First, when my husband read my blog, he also read the bit about the present I was making for him. Since the cat was out of the bag, I showed him the proofs and asked him to pick out his favorite shots. Here, I thought using my photos to create a calendar would be an adorable gift idea for the guy who has everything. Thankfully my hubby cleared that up before you make the same mistake.
I have since learned that photographs of me are a gift to me, not him. I honestly never thought of that, but I’m willing to try almost anything. Tonight, after a couple glasses of wine, I plan to dim the lights, grab my vibrator and few of the racier pics, and make a go of it. I’ll let you know how it works out.
Next, my meal ticket wasn’t pleased with the composition of the pictures because I took off my top in a couple shots.2 Despite two or three pictures where my nip accidentally showed, all of my pink parts and butt crack were covered. Think Brooke Shields in her Calvins. Knowing his penchant for prudity, I specifically hired a female photographer and planned the poses to look pretty, not sensual. Attractive, but innocent looking in a 1950s way. You know, like, “Oh no, my skirt is snagged on a tree branch” or “Oops, you caught me changing, I’d better hide behind this clothesline to cover my bazongas.” To put it another way, I brought my 65 year old mother on the shoot. There was no crawling across a bed, sporting a thong and O-face.
Despite these efforts, my pictures were still too sexy for my husband’s delicate constitution. Which is why I fear the information I’m about to disclose will kill him. I told my photographer she could use some pictures of me to advertise her services. Ha! If he doesn’t out and out die, with any luck he will leave me–with a nice divorce settlement. I’m not too worried. Sure, I’ll miss out on next semester’s lecture series, ”Why clothing should not be removed from a chair via a pinching motion.” But with the help of my photographer’s advertising campaign, I’m sure I should be able to find a new meal ticket before too long. This time, I’m going to keep an eye out for one that is mute.

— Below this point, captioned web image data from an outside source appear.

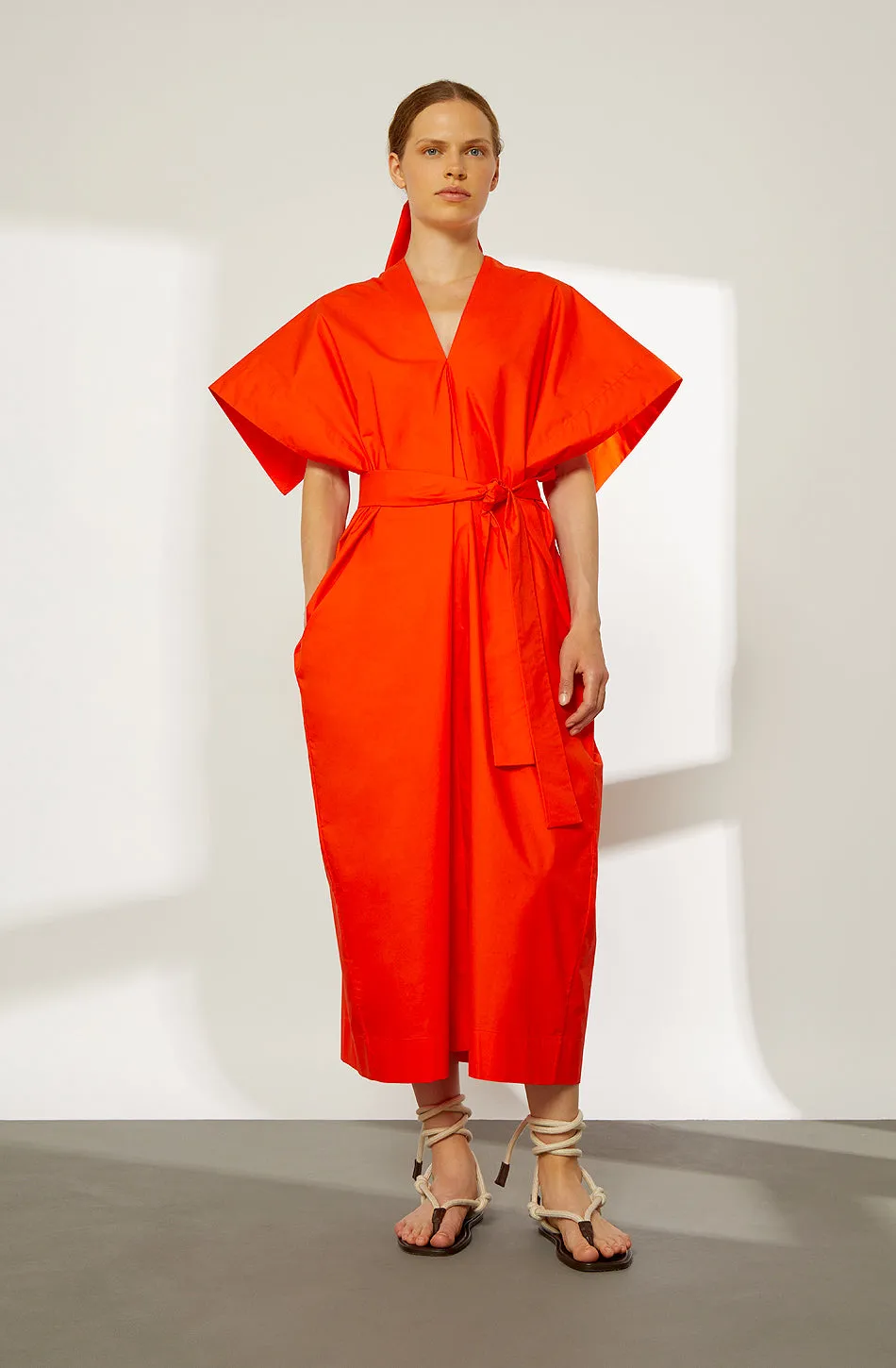 ABITO CELESTE sold by Erika Cavallini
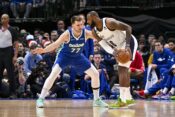 Luka dončić lebron james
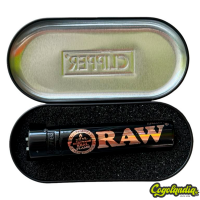 Clipper RAW Metálico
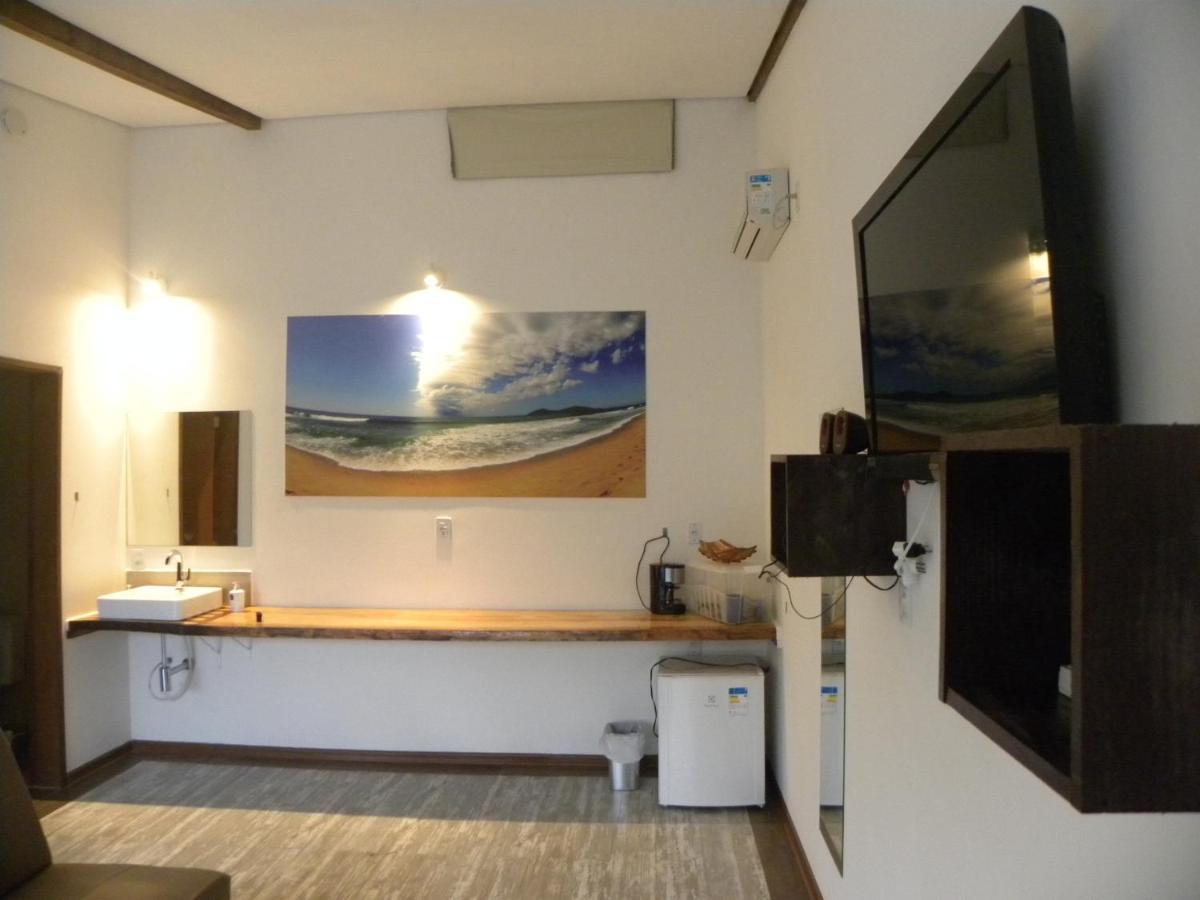 Green Lodge Eco Life Hotel Florianopolis Bagian luar foto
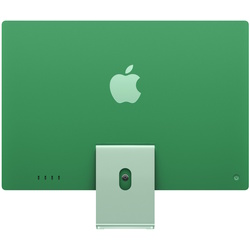 Моноблок Apple iMac MWUY3 Apple M4 16GB/256GB SSD (Green) Thumb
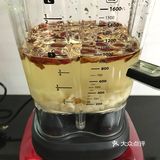 冬天早上喝它，比豆浆牛奶还营养，香浓顺滑，大人孩子都适合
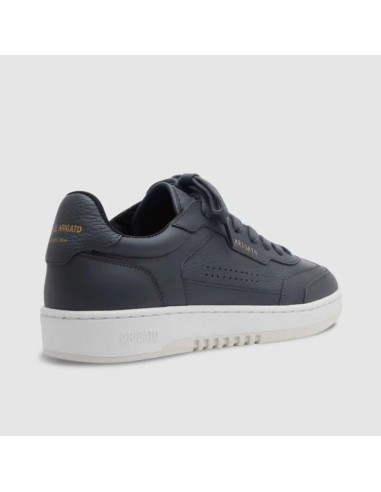 Sneakers Dice T-Toe Off Black/Off Black Homme Axel Arigato présentées portées de dos|Magasin Homme Toulouse Sneakers Dice T-Toe Off Black/Off Black Homme Axel Arigato présentées portées de dos|Magasin Homme Toulouse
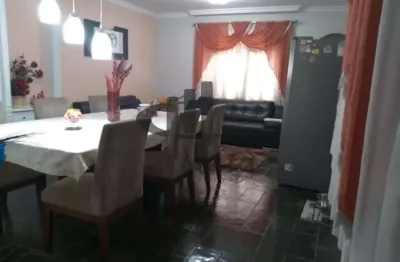 Casa com 4 quartos à venda na Presidente Kennedy, Av, Santa Paula, São Caetano do Sul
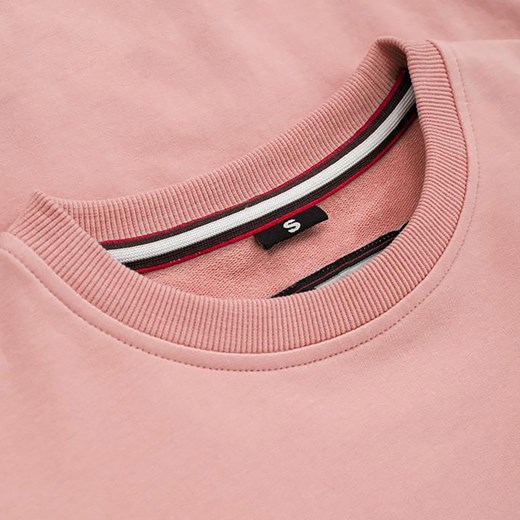 Bluza Pitbull Crewneck F.Terry „Small Logo” | WYSYŁKA W 24H | 30 DNI NA ZWROT Pitbull L sportano.pl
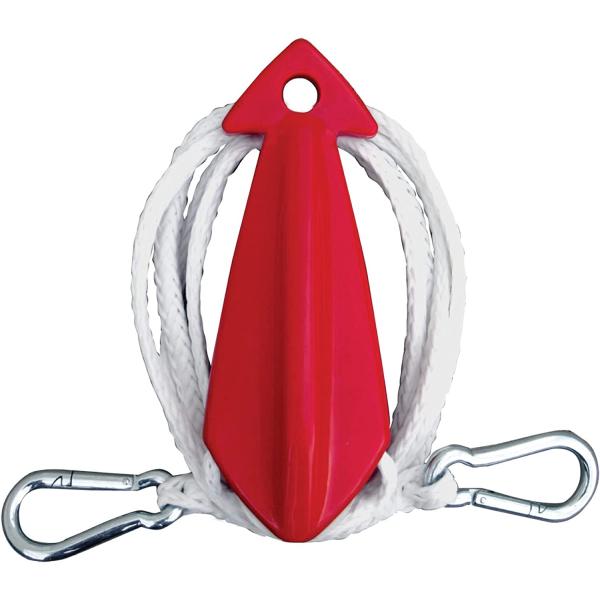 AIRHEAD Tow Demon Harness for 1 Rider Towable Tubes, Water Skis, Wakeboards and Kneeboards, Multiple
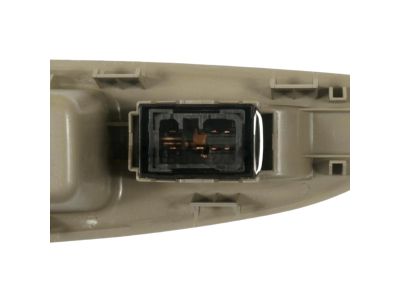 2007 Kia Optima Power Window Switch - 935802G000D1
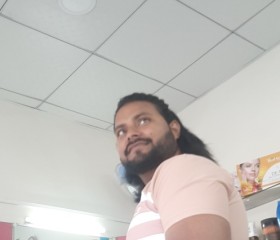 Sonu, 31 год, Pune
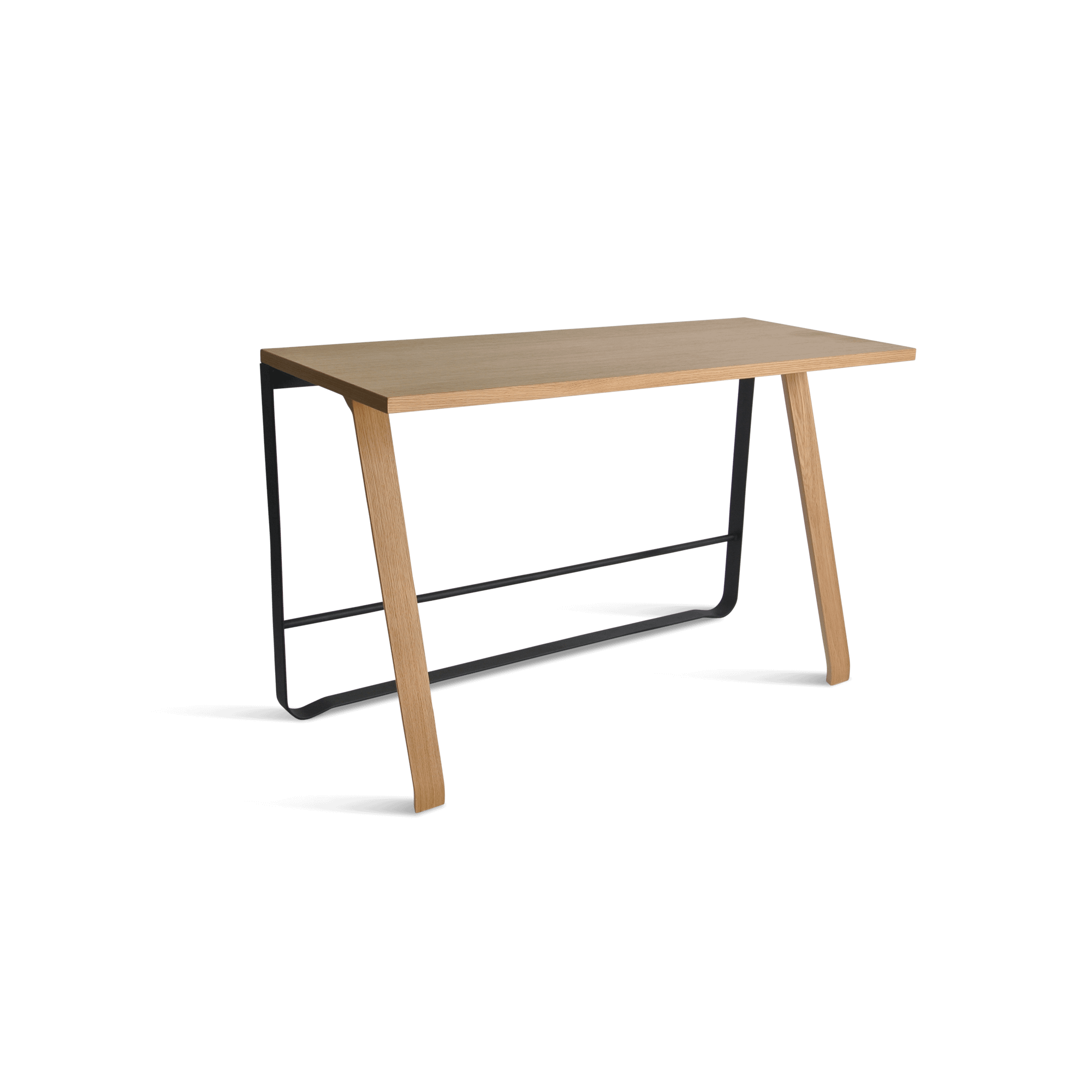 Bent Hansen Hemingway Desk Oak/Oak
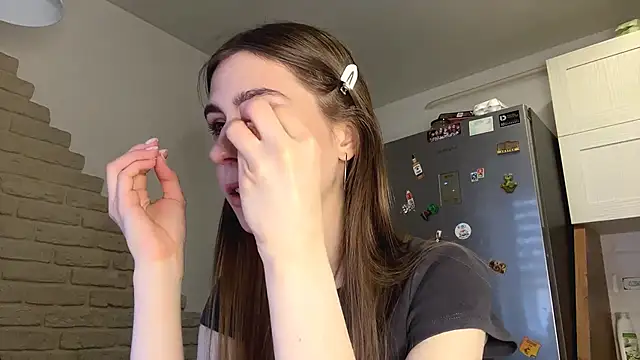 ElsieKuhlmann online show from 03/08/26, 05:11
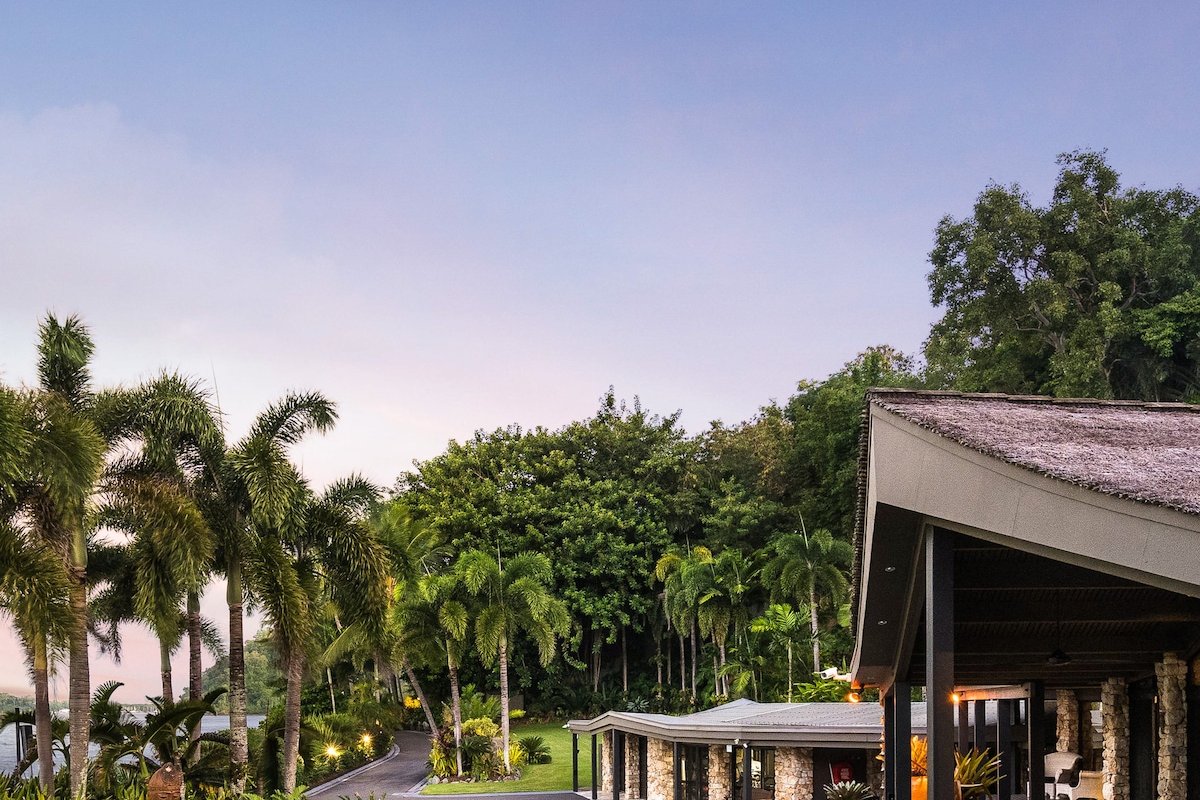 Trinity Beach Palace gallery image 2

1. Or rather, having been kept awake nights listening to complaints about my blog, that wouldn’t cease until I gushed about how much I loved my hubby. The funny thing is, he wondered why I stopped blogging when I found I could only type the words “I love my husband.” Apparently his PhD program skipped over the part about negative reinforcement. Although interestingly he does seem to have perfected its use.
2. In the past, Hubby has noted he did not like the idea of topless photographs. Unfortunately I took these pictures before I learned our definitions of the word “topless” differ. Folks in his generation apparently consider “topless” to be any photograph where the subject is not wearing a top. I consider “topless” to be any photograph where you see an exposed nipple. Given that his generation also thought shoulder pads were a good idea, we generally don’t see eye to eye.